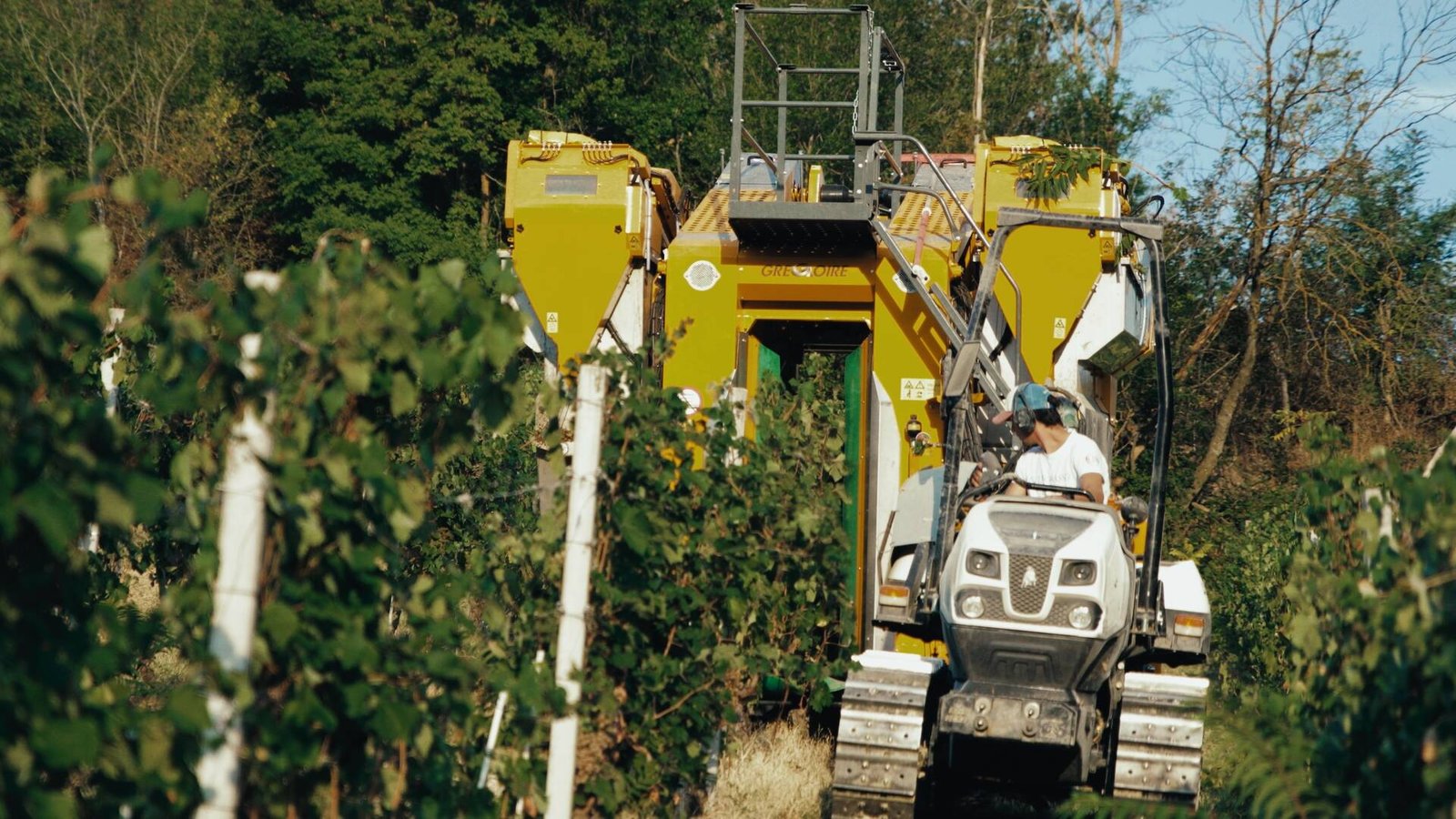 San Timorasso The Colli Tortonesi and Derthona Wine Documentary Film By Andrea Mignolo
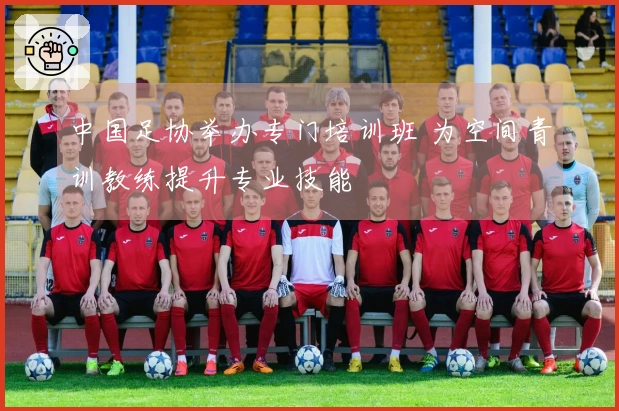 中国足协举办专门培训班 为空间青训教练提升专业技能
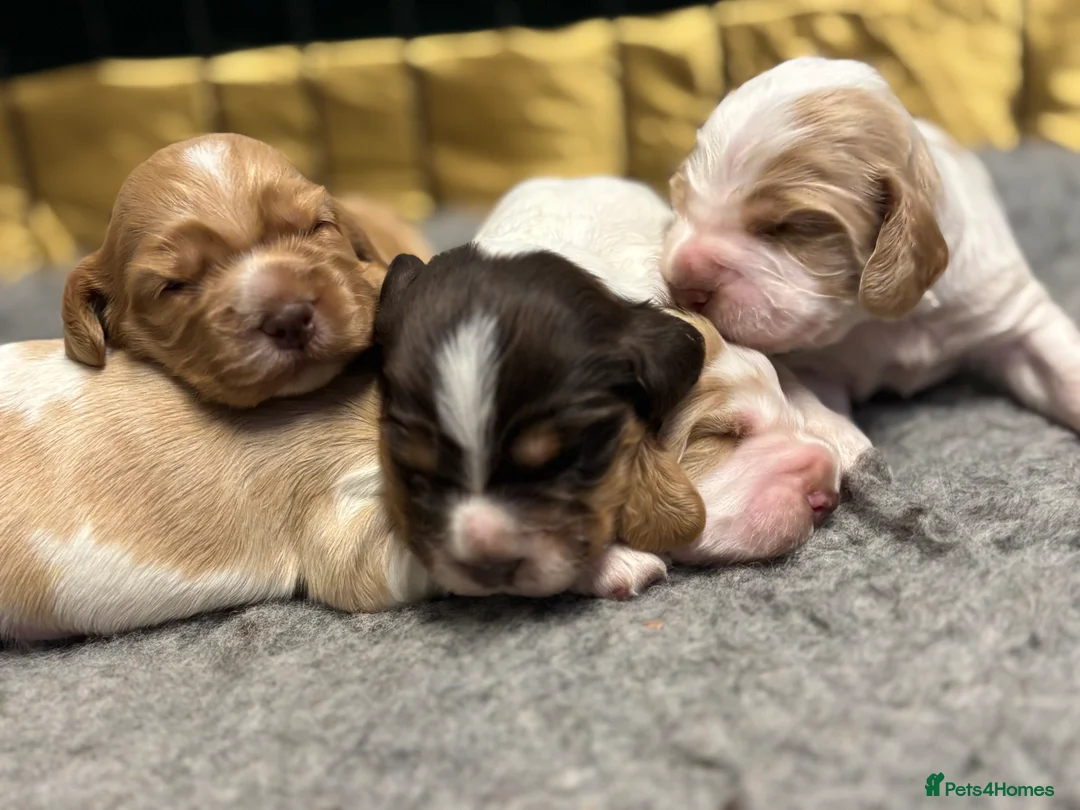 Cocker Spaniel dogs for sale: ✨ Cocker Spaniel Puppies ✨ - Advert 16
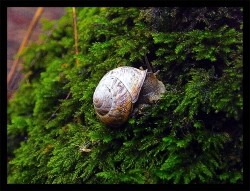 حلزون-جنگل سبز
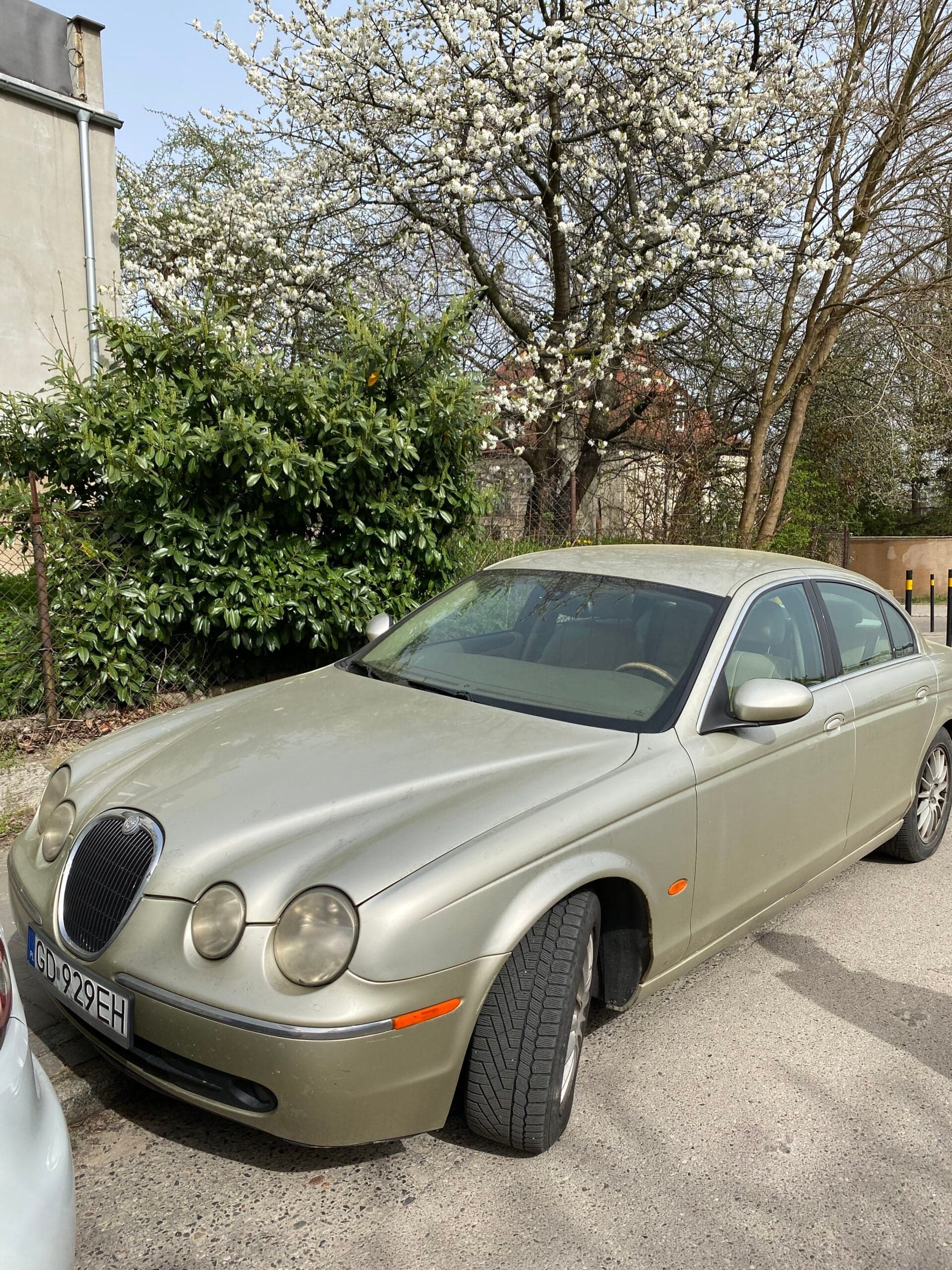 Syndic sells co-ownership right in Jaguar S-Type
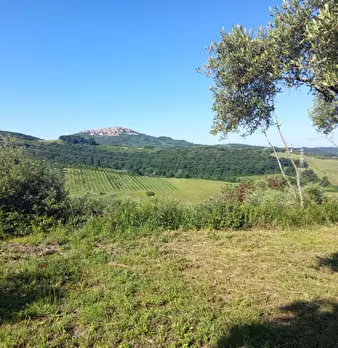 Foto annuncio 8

**Try it:** From the line that contains "Syndic sells co-ownership" down to the last line of the material above, every line must be repeated exactly, with pictures removed and both end lines included.

**Completed task:**
 Syndic sells co-ownership right in Jaguar S-Type
 Foto annuncio 8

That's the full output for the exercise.